IN THE HIGH COURT OF JUDICATURE AT MADRAS DATED: 4.4.2019

CORAM

THE HON'BLE DR.JUSTICE VINEET KOTHARI

AND

THE HON'BLE MR.JUSTICE C.V.KARTHIKEYAN

Tax Case Appeal No.224 of 2019

Commissioner of Income Tax Corporate Ward 3(4)

Chennai                                                                          Appellant

Vs.

M/s.Vaani Estates Pvt.
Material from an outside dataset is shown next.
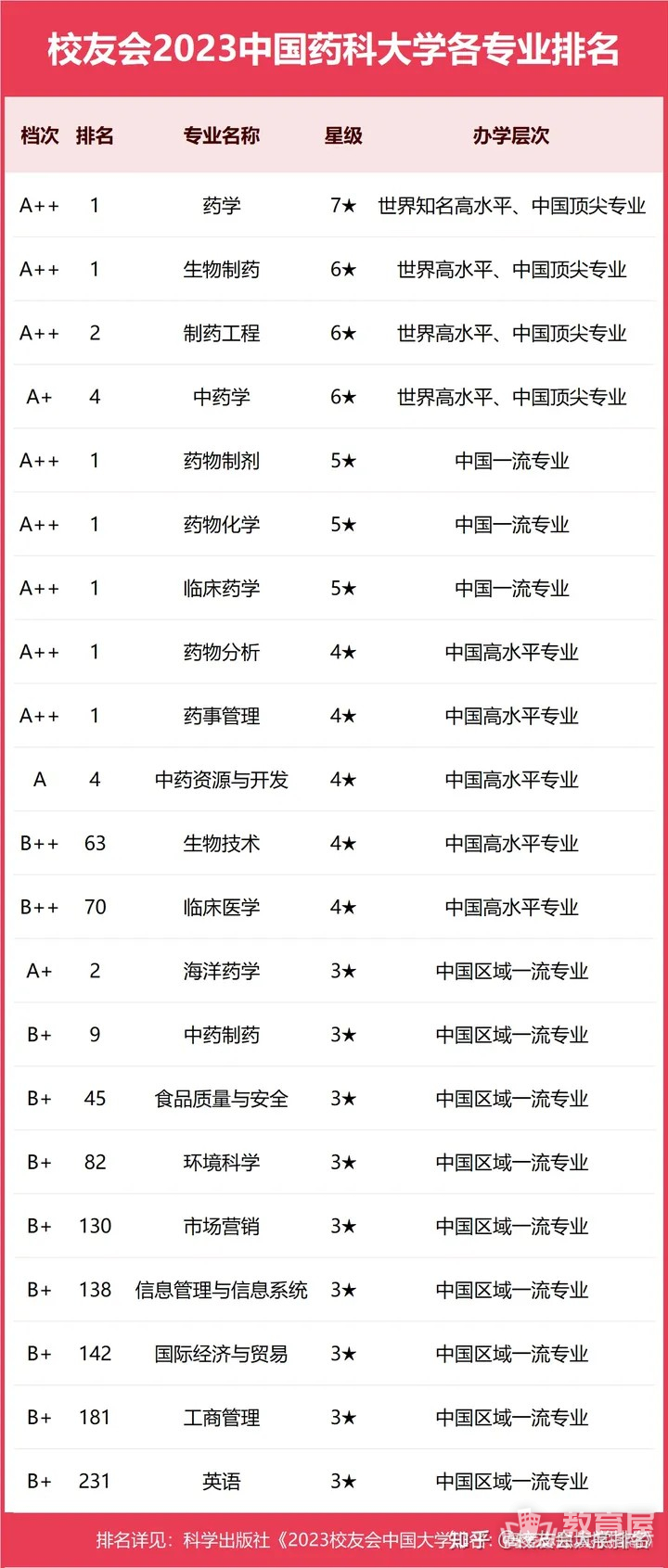 中国药科大学专业排名一览表（2023）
Ltd., No.60, Old No.100, IV Street,

Abhiramapuram, Chennai 600 018.

PAN: AAECV0933A                                                      Respondent

Tax Case Appeal filed under Section 260A of the Income Tax Act, 1961 against the order of the Income Tax Appellate Tribunal, Madras 'A' Bench, Chennai, dated 27.8.2018 made in ITA No.1352/Chny/2018.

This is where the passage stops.